Recordings
**********
External media directory
------------------------
On disk
.......
Audio files are orders of magnitude larger than text files. For
example, my working corpus.cld directory as of this writing contains
one WAV file of size 41.845 MB, and all other files together amount to
0.147 MB. Video files are an order of magnitude larger than audio
files. If nothing else, such lopsidedly large files are problematic for distributing
the corpus.cld directory by GIT. For this reason,
we create an external **media directory** and distribute media files
separately.
The location of the media directory is specified in the configuration
table used to instantiate App, under the key 'media'.
In our earlier example (Instantiating the App class), recall
that we specified::
>>> cfg['media'] = '~/git/cld/media'
One may also access the value from the app as app.config['media'].
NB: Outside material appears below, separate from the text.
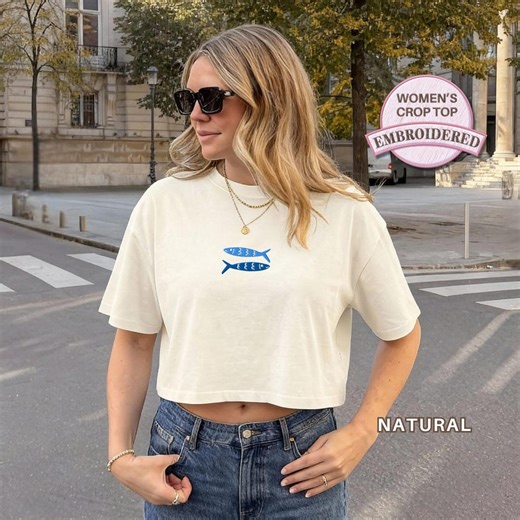 Embroidered Blue Fish Crop T Shirt Minimal Ocean Tee Women Embroidery Beach Vacation Casual Outfit Gift for Beach Lover Friend Summer Shirt - Etsy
The media directory is subdivided by user. Upload to the media
directory is outside the usual permissions system, but one may only
upload to one's own subdirectory. A user's subdirectory is
simply a flat directory containing audio and video files. There are
no constraints on file names except that it is expected that each
filename have a standard suffix representing the format (wav, mp3,
mp4, etc.) The filename without the suffix we call the **recording ID**.
For example::
$ cd ~/git/cld/media
$ ls
abney
$ ls abney
otw-bmcc-01-010-sample.clips otw-mchi-01-004.clips
otw-bmcc-01-010-sample.mp4 otw-mchi-01-004.wav
otw-bmcc-01-010-sample.wav
There are two recording IDs, otw-bmcc-01-010-sample and otw-mchi-01-004,
and multiple files for each ID.
MediaDirectory
..............
In memory, the media directory is represented by a MediaDirectory
object. This is not a specialization of File, as it does not
represent a disk-file within the corpus.
When the top-level CorpusEnvironment is instantiated, it creates a
MediaDirectory and stores it under the key 'media'.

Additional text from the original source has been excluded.